Graeme Virtue 

Edwyn Collins review – soulful inspiration still ripping it up

At times using his walking stick as a conductor’s baton, Collins may have turned 60 but he’s not letting up in this cracking show
  
  

Remarkable singing … Edwyn Collins and band at Glasgow University.
Remarkable singing … Edwyn Collins and band at Glasgow University. Photograph: Aimee Todd

It has been 14 years since Edwyn Collins – the former Orange Juice frontman turned suave solo star – suffered two cerebral haemorrhages, a near-death experience that scrambled his language skills and left him physically impaired. In the years since, his focus on rehabilitation and determination to make new music have been inspiring examples of grit and wit. He turned 60 last week, but rather than taking his foot off the gas, Collins and his six-piece band are heading off around the UK in support of Badbea, his ruminative but often frisky new record.

One of the creative sparks behind Badbea, his ninth solo album, was repurposing lyrics that Collins had written before his brush with mortality. Similarly, this gig straddles the past and present, interlacing recent material with beloved classics. In Glasgow, it is a particularly supportive home town crowd – a buoyant throng dotted with vintage quiffs – and the energy levels crackle with every artfully recreated Orange Juice track, from the loping funk of I Guess I’m Just a Little Too Sensitive to the chiming guitars of Dying Day.

The brand-new songs sound resonant, too: the strident fuzzbox riff of It’s All About You has the feel of some lost 1960s adventure series, while the plaintive It All Makes Sense to Me has an appealing sway and a righteous sax solo (courtesy of keyboardist and veteran Dexys cohort Sean Read). Rocking a Verve Records T-shirt and occasionally brandishing his walking stick like a conductor’s baton, Collins can still hold court even while seated. The between-song banter is sometimes a little halting but always emphatic; his singing voice, however, remains remarkable, a soulful, weathered baritone.

A duet with his son William for In Your Eyes is a mid-set highlight but Collins saves some of the best until last.

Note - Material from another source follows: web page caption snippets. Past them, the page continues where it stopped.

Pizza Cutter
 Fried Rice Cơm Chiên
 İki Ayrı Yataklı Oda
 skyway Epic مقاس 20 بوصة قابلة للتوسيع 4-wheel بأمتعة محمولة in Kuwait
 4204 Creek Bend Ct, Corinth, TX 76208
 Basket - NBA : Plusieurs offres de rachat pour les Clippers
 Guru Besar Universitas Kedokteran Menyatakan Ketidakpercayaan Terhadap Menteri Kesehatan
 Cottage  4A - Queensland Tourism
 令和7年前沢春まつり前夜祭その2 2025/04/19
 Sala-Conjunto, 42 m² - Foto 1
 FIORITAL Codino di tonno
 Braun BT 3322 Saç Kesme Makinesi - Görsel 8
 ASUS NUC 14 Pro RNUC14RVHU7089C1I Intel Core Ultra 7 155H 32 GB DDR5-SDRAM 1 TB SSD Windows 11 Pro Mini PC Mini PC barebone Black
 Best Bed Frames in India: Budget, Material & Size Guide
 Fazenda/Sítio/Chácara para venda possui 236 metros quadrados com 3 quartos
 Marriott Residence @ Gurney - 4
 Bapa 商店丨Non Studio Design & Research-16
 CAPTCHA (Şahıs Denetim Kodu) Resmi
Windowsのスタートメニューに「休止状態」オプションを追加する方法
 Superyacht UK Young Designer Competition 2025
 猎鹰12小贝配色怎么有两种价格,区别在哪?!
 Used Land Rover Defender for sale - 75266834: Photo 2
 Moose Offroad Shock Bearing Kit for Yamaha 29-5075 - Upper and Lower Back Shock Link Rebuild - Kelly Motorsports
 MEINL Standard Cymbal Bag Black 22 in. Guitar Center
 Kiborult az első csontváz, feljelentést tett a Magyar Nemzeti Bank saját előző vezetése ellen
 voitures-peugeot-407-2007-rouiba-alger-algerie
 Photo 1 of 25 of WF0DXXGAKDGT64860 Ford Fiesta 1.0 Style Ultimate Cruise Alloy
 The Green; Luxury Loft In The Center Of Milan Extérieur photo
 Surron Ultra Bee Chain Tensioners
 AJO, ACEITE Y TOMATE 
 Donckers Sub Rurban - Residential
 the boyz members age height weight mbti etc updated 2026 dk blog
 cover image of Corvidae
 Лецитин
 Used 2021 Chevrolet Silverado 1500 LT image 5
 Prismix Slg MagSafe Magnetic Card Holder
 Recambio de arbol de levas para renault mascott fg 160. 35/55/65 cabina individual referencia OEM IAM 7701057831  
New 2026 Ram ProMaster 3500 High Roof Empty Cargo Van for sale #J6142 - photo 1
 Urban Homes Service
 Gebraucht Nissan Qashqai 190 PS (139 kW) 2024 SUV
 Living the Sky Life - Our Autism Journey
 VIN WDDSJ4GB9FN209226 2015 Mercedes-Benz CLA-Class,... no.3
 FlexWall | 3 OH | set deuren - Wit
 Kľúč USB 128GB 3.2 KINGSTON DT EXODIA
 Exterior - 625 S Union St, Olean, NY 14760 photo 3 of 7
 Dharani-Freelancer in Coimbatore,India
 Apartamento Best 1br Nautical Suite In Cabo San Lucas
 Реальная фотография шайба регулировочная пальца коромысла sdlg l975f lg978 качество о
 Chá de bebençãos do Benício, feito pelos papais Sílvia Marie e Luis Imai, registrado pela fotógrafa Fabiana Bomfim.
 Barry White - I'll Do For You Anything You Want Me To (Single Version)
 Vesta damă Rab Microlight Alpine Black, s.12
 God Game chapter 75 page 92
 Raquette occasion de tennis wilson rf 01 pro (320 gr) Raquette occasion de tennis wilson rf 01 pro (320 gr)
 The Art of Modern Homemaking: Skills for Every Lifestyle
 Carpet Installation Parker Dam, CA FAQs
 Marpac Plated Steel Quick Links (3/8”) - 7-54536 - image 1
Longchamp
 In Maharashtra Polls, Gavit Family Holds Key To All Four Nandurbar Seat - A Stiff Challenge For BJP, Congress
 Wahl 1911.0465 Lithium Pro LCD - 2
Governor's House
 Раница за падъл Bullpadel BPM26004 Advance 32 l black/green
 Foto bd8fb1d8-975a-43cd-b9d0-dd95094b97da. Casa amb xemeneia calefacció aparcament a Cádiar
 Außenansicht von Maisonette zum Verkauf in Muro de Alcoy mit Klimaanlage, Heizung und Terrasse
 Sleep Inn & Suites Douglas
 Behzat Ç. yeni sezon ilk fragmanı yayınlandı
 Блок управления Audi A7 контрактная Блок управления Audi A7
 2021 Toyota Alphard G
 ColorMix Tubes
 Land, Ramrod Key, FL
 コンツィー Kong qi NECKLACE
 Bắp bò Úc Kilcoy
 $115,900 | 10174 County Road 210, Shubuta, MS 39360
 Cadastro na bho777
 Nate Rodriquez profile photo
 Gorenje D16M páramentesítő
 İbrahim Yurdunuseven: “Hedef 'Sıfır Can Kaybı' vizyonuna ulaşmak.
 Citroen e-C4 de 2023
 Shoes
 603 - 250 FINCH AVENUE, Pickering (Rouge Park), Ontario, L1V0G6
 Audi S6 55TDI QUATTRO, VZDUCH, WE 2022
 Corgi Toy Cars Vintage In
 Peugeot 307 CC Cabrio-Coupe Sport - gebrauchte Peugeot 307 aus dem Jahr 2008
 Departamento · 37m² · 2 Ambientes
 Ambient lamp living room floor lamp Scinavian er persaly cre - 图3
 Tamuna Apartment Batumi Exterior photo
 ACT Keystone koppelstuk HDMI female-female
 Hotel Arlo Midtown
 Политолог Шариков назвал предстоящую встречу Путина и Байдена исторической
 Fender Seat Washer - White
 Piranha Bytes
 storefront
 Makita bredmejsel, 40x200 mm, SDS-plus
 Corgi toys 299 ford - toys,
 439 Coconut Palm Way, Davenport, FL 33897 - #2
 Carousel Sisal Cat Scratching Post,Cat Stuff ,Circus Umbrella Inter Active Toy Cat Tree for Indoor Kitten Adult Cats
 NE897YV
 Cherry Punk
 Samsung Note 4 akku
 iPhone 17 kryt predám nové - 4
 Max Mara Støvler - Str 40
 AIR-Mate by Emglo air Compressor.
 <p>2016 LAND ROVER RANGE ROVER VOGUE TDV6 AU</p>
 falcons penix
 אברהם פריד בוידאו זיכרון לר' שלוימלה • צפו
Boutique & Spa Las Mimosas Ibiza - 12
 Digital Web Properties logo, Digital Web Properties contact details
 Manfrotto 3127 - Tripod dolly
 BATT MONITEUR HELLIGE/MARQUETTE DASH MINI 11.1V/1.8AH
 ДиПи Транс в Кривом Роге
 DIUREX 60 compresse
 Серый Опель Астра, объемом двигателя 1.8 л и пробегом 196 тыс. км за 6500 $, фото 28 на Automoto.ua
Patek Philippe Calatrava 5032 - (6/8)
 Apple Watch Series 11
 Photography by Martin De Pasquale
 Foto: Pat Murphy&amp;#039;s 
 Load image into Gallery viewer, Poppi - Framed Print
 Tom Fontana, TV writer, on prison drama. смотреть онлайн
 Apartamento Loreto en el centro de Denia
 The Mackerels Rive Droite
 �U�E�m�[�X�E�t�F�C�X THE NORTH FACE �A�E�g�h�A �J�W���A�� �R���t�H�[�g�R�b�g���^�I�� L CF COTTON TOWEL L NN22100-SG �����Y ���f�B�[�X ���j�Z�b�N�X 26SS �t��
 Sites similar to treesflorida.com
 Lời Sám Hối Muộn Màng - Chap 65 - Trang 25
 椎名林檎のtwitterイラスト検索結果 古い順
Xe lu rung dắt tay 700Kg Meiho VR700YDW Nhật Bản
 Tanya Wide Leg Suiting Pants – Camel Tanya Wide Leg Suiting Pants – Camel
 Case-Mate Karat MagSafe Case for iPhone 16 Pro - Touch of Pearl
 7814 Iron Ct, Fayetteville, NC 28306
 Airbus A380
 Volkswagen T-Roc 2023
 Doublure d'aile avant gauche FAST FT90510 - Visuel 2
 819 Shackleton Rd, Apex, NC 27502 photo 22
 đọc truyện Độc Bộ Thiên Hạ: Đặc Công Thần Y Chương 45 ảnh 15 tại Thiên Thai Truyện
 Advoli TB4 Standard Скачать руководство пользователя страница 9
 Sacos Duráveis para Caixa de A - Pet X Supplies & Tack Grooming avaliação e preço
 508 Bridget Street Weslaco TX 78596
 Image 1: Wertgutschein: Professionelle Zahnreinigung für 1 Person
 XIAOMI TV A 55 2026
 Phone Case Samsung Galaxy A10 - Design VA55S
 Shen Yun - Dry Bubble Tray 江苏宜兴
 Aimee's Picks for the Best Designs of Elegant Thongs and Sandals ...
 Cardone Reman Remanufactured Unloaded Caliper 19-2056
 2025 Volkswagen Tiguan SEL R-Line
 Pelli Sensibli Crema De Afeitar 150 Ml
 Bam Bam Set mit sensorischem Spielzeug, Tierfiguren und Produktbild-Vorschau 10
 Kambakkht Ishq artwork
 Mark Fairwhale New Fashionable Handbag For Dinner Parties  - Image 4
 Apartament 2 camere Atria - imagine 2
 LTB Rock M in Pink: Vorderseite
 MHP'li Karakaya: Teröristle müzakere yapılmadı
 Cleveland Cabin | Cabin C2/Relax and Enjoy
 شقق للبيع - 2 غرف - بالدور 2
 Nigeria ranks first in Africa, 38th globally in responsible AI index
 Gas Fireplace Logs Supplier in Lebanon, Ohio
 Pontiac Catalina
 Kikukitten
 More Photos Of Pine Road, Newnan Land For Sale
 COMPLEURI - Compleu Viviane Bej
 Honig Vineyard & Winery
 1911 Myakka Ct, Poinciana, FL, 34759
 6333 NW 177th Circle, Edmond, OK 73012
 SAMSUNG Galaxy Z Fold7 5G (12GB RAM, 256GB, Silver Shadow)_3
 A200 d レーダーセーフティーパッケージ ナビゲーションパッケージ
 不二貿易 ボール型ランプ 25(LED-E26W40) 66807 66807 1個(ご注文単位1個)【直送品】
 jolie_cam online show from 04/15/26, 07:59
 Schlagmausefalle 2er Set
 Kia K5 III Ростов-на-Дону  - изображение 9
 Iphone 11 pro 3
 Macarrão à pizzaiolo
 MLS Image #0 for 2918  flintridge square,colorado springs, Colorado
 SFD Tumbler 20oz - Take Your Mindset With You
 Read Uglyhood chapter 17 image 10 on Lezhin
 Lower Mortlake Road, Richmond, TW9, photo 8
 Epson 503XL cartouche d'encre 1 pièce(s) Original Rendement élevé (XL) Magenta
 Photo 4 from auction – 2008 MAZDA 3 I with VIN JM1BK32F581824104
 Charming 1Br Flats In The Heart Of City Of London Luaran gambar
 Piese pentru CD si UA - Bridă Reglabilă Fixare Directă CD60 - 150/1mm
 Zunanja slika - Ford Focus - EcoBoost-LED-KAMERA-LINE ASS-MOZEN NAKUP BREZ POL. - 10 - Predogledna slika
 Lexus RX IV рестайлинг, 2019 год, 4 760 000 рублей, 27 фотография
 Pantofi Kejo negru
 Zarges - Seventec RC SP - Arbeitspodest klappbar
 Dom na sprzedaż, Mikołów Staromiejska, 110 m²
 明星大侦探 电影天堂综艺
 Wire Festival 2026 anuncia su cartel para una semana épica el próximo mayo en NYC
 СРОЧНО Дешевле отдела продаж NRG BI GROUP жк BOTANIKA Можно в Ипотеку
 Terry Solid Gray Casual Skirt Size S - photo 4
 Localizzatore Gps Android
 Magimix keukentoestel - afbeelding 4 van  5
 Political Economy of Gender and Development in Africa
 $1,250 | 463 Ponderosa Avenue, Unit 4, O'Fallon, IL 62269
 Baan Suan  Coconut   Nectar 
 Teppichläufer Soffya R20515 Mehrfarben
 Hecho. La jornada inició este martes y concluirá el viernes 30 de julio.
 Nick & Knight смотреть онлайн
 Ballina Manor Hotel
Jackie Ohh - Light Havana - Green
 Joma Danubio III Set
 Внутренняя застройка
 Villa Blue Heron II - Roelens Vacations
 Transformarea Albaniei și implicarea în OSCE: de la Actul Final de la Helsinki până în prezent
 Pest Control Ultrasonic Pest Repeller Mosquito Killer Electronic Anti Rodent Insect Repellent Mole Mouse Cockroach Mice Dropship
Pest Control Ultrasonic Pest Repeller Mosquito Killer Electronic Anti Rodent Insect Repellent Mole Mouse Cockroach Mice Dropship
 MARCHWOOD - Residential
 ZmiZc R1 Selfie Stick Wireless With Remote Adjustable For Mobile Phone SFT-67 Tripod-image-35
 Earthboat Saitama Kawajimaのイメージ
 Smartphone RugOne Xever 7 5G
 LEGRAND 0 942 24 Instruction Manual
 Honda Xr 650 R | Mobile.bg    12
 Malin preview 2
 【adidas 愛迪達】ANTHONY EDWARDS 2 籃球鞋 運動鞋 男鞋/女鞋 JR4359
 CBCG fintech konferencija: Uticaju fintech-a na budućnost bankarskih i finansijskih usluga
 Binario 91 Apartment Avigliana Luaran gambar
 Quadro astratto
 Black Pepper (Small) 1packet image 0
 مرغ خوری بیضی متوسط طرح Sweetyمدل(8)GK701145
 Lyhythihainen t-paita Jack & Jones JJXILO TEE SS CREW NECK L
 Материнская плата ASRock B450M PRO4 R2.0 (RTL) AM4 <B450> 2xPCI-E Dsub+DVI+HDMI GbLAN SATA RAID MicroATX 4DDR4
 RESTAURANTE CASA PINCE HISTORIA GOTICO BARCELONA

The rapid-fire deployment of squelchy-bass classic Rip It Up, the raucous Don’t Shilly Shally – which sees him up on his feet – and sultry mid-1990s earworm A Girl Like You is a remarkable career-spanning triptych. An emotional encore that climaxes with the vintage Postcard cut Blue Boy is just the cherry on top.

At Trades Club, Hebden Bridge, 29 August, then touring until 17 September.